Information given:
# # #
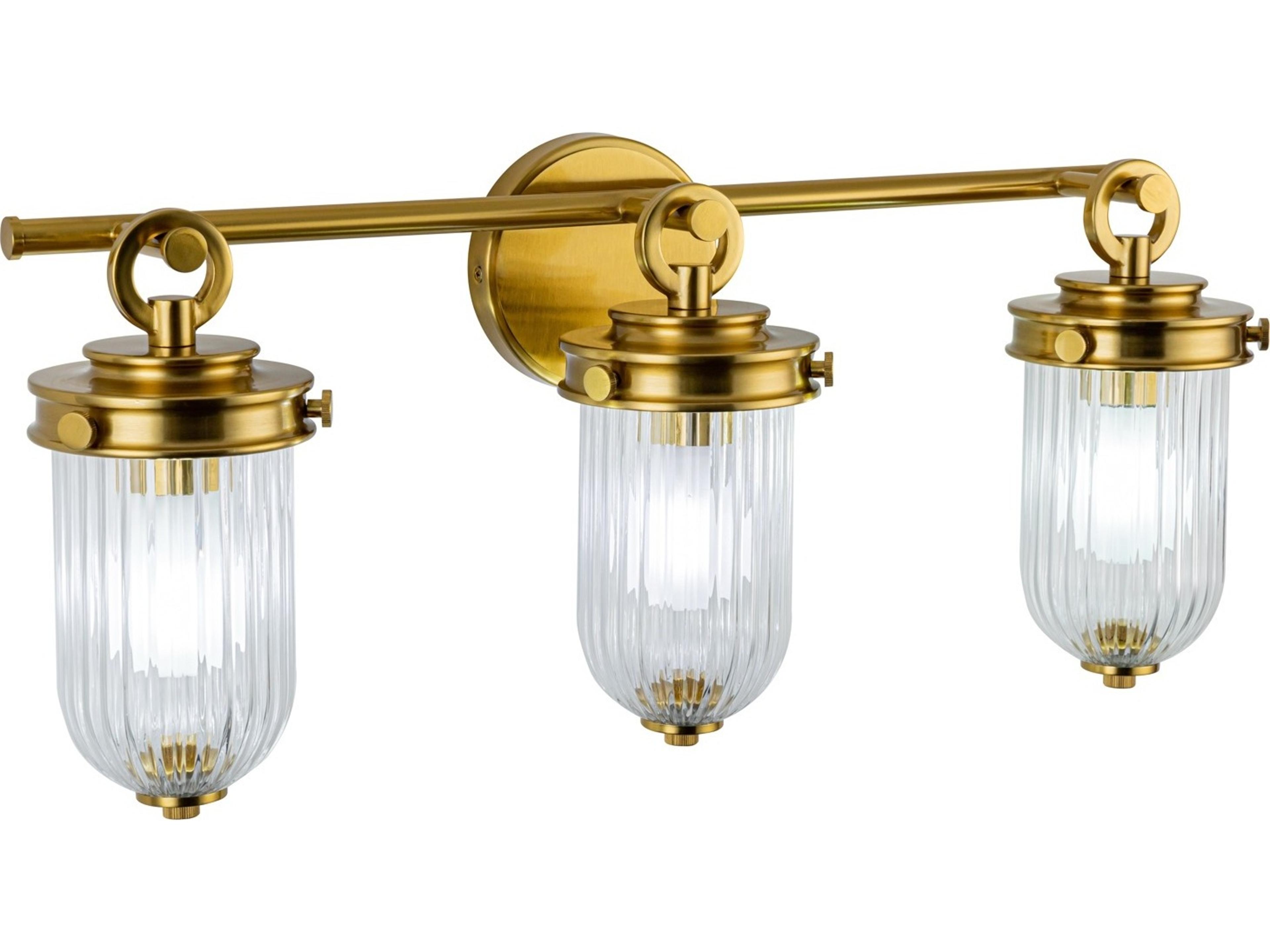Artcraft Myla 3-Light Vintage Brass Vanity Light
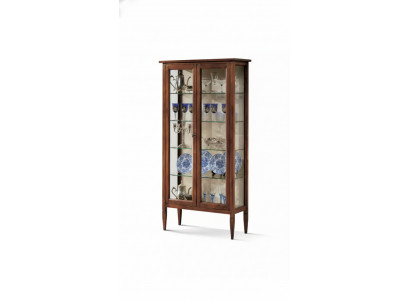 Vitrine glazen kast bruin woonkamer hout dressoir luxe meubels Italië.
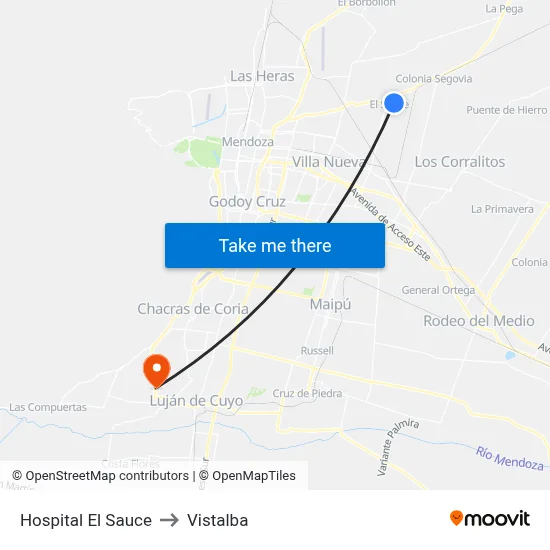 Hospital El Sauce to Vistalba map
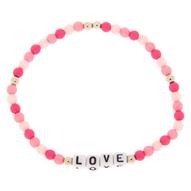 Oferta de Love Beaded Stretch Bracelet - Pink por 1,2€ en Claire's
# # #
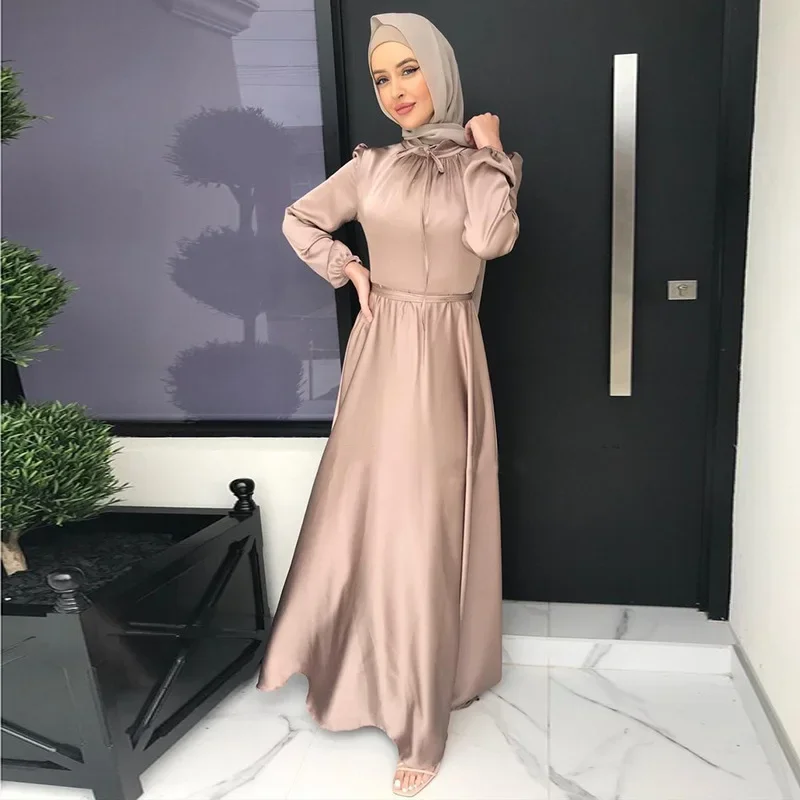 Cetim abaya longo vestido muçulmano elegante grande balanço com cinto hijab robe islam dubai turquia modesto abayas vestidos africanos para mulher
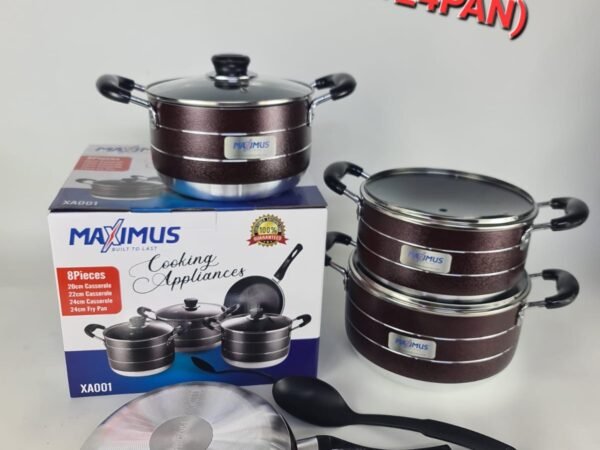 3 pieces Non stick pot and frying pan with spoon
# # #
What the exercise asks: What you return from the records above should be exactly everything from the line with "Hospital El Sauce to Vistalba map" down to the line with "Oferta de Love", both kept, and no pictures.

Task solution:
 Hospital El Sauce to Vistalba map
 Oferta de Love Beaded Stretch Bracelet - Pink por 1,2€ en Claire's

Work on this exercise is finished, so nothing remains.